Une société de courtage en assurances lui conseille de placer le fonds dans une police vie branche 23.

Monsieur traite avec l’administrateur de la société de courtage.

Six ans plus tard, Monsieur veut racheter son contrat et apprend que la valeur est de 3.640 €.

Il invoque la responsabilité du courtier pour manquement à son devoir d’information.

Le tribunal condamne la société de courtage mais pas l’administrateur.

En effet, comme mandataire de la société de courtage, la responsabilité de l’administrateur ne pouvait être retenue.

C’est la question bien connue du concours de responsabilité.

En appel, l’administrateur, la société de courtage et l’assureur en RC professionnelle de la société de courtage sont condamnés.

La Cour de cassation va casser l’arrêt (16 mars 2018, rôle n° C.17.0200.F, www.juridat.be) concernant l’administrateur.

«  Le mandataire, qui, agissant dans le cadre de son mandat commet une faute, ne peut être déclaré responsable à l’égard du tiers contractant que si cette  faute constitue un manquement à l’obligation générale de prudence. »

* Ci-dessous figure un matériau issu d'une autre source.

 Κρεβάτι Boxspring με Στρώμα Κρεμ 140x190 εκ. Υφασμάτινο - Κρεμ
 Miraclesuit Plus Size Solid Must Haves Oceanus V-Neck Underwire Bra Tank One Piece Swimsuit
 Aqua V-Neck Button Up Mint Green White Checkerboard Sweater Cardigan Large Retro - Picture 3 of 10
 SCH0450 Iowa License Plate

Le juge d’appel avait posé que « le mandataire peut encourir une responsabilité personnelle s’il commet une culpa in contrahendo, faute précontractuelle au cours des négociations devant conduire à la conclusion d’un contrat ».

Non, dit la Cour de cassation :

« L’arrêt, qui retient ainsi l’existence d’une faute extracontractuelle [de l’administrateur] au motif que le manquement à son obligation d’information et de conseil précède la conclusion du contrat d’assurance entre un tiers et [l’investisseur], alors qu’il constitue l’inexécution d’une obligation du contrat de courtage conclu entre son mandant et [l’investisseur], viole les articles 1382 et 1383 du Code civil. » 

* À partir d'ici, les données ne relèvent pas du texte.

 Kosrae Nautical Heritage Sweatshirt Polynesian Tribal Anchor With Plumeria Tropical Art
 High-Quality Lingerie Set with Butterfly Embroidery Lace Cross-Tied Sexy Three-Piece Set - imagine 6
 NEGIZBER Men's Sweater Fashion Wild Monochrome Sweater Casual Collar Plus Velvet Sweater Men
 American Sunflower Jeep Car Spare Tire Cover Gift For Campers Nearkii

C’est encore un arrêt sur le concours de responsabilité en matière de responsabilité d’administrateur.

Celui-ci n’est responsable de la faute contractuelle de la société que s’il a commis en représentant la société dans un contrat une faute qui constitue aussi un manquement à l’obligation générale de prudence qui existerait indépendamment du contrat.

C’est pourquoi on a pu parler de l’immunité de l’agent d’exécution.

L’intérêt de cet arrêt est que la théorie du concours de responsabilité est appliqué au stade précontractuel.